ティーサーバーの水出珈琲、自作ウォータードリップの水出珈琲、お店の水出珈琲を飲み比べた。


感想

  1. ティーサーバーの水出し珈琲は2時間では色が薄く5時間浸したが、自作ウォータードリップ5時間よりまだ色が薄い。豆の比率を多くしたが、ポットの中の浸り方にむらがあったようだ。味は薄いこともなく。しっかりした苦味や、喉越しの甘み、コクを感じる。えぐみは感じない。ウォータードリップよりアッサリしている気がするが、これは色が浅い分あっさりして感じるのかもしれない。

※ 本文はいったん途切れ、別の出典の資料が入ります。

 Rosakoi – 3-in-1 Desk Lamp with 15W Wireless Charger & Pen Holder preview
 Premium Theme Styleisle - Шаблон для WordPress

  2. 自作ウォータードリップも冷やすことで、味がすっきりとしえぐみは感じなくなった。喉越しにほんのりと甘みを感じる。今回は前回の倍以上の時間をかけてドリップしているため濃厚な抽出になっている。それは苦くなるのではなくコクが出ている感じで、水出し珈琲はじっくり時間をかけた方が美味しい。

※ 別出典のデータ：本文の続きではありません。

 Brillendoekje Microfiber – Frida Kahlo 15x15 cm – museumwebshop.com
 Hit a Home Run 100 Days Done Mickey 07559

  3. お店の水出珈琲はアイスとホットを選べる。今回はアイスでいただく。すっきりとして飲みやすく、喉越しでほのかな甘みを感じる。深煎りなのでしっかりした苦味があるが、強くなくえぐみも感じない。氷のおかげで味が引き締まっている。


今回の結論

  • お店で飲んだ水出し珈琲と自宅で淹れた水出し珈琲に大した差を感じなかった。豆の選択、焙煎具合、挽き具合、豆の量、水の量、抽出時間と異なる要素はあるが、ドリップに技術が不要なので自宅でも同じように淹れられるのだろう。また、ウォータードリッパーとティーサーバーで淹れた味の差もほとんど感じられなかった。

  • お店で氷を入れてよく冷えた水出し珈琲をいただいたことで気づいた。初めてウォータードリップの水出し珈琲を入れた時は、常温のまま淹れ、常温のまま味見をしたのであるが、冷やさずに飲むと味に締まりがなくボヤけた感じになるのである。案の定、自家製の水出し珈琲をしっかり冷やして飲むと、キリッと味が締まって美味しくなった。氷があると体裁は良いが、飲み終わりが水っぽくなるため、氷は入れずに冷蔵庫で冷やして飲むほうが最後まで美味しく飲める。

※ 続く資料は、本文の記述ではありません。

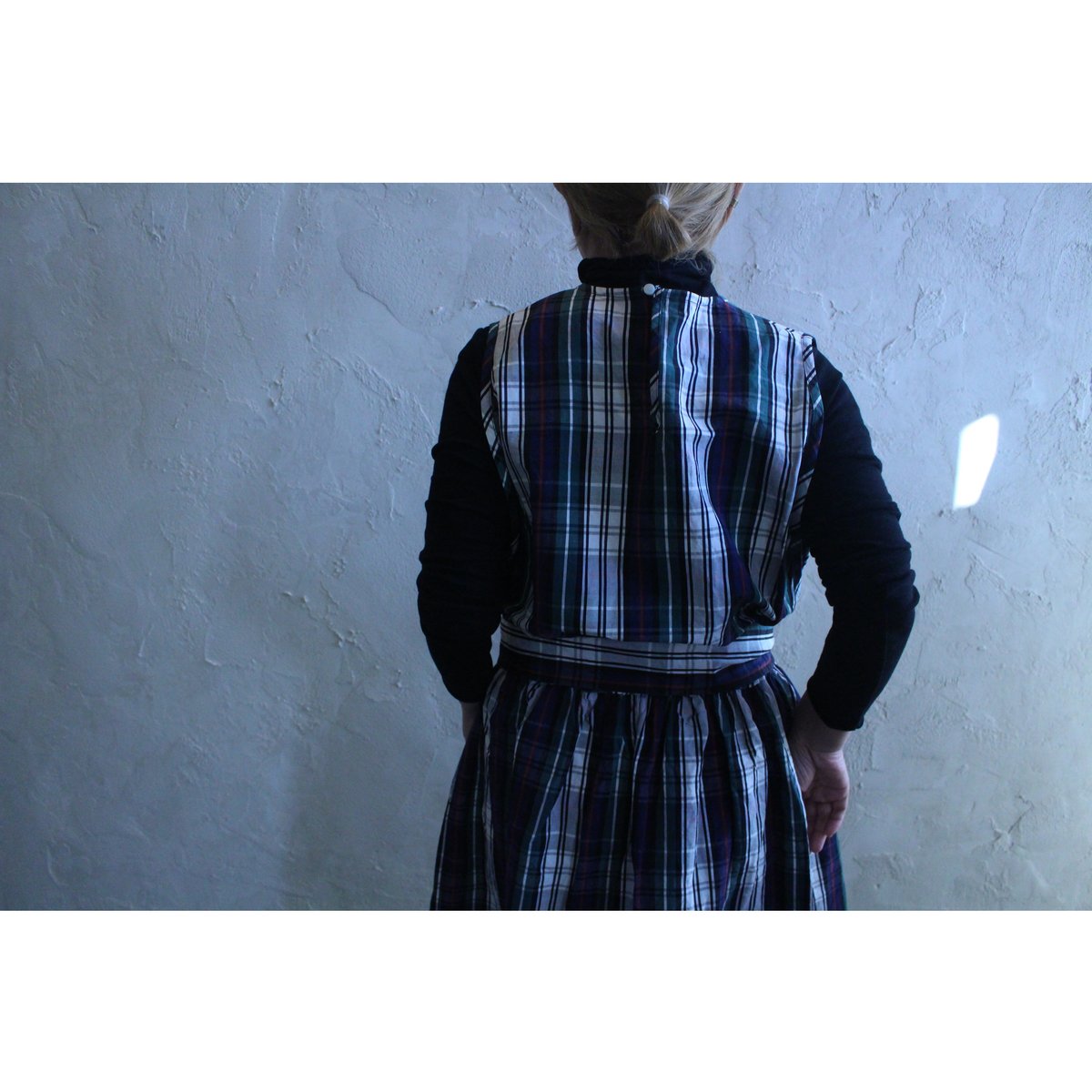 C/Lタータンノースリーブワンピース / homspun | SoL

  • 水出し珈琲を温めると、これもすっきりとして美味しい。喉越しの甘みが若干弱くなるだろうか。ただ温めても香りは立たない、香りはコーヒー豆に熱が加わった時に立つことがわかる。温かいか冷たいかいずれかの方が、味がキリッとする。生ぬるいといろいろな味が中途半端な気がする。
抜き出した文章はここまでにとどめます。